### Task instructions:
Scan the lines below and report each one containing "Stockfoto" by copying it.

### Data supplied:
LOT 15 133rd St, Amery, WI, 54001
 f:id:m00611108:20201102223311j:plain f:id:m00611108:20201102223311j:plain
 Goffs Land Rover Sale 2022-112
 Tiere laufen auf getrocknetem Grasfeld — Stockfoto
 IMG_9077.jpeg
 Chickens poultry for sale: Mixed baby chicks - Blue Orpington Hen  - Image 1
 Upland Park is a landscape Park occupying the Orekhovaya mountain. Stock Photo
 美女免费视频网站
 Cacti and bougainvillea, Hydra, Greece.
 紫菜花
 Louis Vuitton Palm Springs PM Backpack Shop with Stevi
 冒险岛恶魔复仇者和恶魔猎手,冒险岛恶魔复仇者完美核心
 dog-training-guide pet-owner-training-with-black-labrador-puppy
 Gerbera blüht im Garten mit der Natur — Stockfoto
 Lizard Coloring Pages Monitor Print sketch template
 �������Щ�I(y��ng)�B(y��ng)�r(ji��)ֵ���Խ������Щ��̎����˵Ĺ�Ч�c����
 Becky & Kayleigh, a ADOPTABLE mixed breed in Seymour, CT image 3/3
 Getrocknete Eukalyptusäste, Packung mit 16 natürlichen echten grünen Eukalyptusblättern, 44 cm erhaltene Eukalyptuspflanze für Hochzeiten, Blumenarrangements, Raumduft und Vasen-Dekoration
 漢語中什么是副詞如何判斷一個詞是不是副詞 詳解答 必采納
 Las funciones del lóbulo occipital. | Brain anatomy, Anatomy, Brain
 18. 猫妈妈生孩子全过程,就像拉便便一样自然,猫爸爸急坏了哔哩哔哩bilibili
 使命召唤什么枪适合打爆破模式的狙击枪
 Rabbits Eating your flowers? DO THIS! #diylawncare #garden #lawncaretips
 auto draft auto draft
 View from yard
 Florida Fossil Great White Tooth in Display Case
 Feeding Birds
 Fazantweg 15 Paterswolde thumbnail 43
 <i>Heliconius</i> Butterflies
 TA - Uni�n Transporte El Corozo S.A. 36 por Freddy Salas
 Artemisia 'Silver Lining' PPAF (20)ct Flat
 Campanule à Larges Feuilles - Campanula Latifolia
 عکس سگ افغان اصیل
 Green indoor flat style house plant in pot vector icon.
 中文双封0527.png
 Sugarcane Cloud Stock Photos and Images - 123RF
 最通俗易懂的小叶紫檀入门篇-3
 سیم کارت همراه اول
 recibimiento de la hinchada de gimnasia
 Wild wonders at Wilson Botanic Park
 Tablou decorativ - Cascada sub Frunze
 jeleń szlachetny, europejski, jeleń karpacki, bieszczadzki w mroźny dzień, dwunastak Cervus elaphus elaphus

### Task answer:
 Tiere laufen auf getrocknetem Grasfeld — Stockfoto
 Gerbera blüht im Garten mit der Natur — Stockfoto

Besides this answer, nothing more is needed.